On 12 March 2010, Bradshaw signed with Latvian team VEF Rīga. However, on 3 May 2010, he parted ways with Rīga after sustaining a season-ending leg injury.

===New Zealand (2011–2012)===
On 23 December 2010, Bradshaw with the Otago Nuggets for the 2011 New Zealand NBL season, returning to the league for the first time since 2003. He appeared in all 16 games for the Nuggets in 2011, averaging 18.5 points, 8.5 rebounds and 2.4 assists per game.

On 28 October 2011, Bradshaw signed with the Southland Sharks for the 2012 New Zealand NBL season. He appeared in all 16 games for the Sharks in 2012, averaging 17.1 points, 5.4 rebounds and 1.1 assists per game.

==National team career==
Bradshaw represented New Zealand with the Tall Blacks at the 2004 Summer Olympics, 2005 FIBA Oceania Championship, 2006 FIBA World Championship, 2007 FIBA Oceania Championship, 2008 Summer Olympics, and the 2010 FIBA World Championship. Bradshaw put his name up in bright lights in 2006 when he scored 25 points to help lead the Tall Blacks to their first away win over Australia.

==Personal life==
In 2012, Bradshaw married Felicity Kenny.

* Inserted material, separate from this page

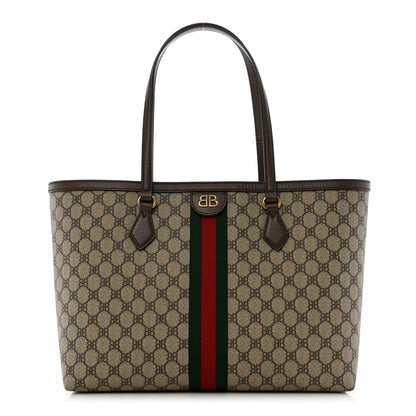 Gucci X BALENCIAGA BB Supreme Monogram Web Medium Ophidia Shopping Tote Beige New Acero 1 of 10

The couple have one daughter together.

Bradshaw has an entrepreneurship degree and set up his own travel management company, New Zealand Specialty Tours, which specialises in developing custom-built itineraries for visitors to New Zealand.

In October 2016, Bradshaw was ordered to pay a $750 emotional harm fee after he was convicted of kicking a bouncer in the head at a Queenstown bar on 13 June 2014. He was sentenced on one charge of assault with intent to injure and, as well as the emotional harm payment, was ordered to pay a $500 fine along with courts costs. In March 2017, he had an appeal against his assault conviction thrown out. Bradshaw appealed against a conviction of assault with intent to injure, based on "undue delay" in the court process, errors in the way the trial proceeded and the refusal of a discharge without conviction.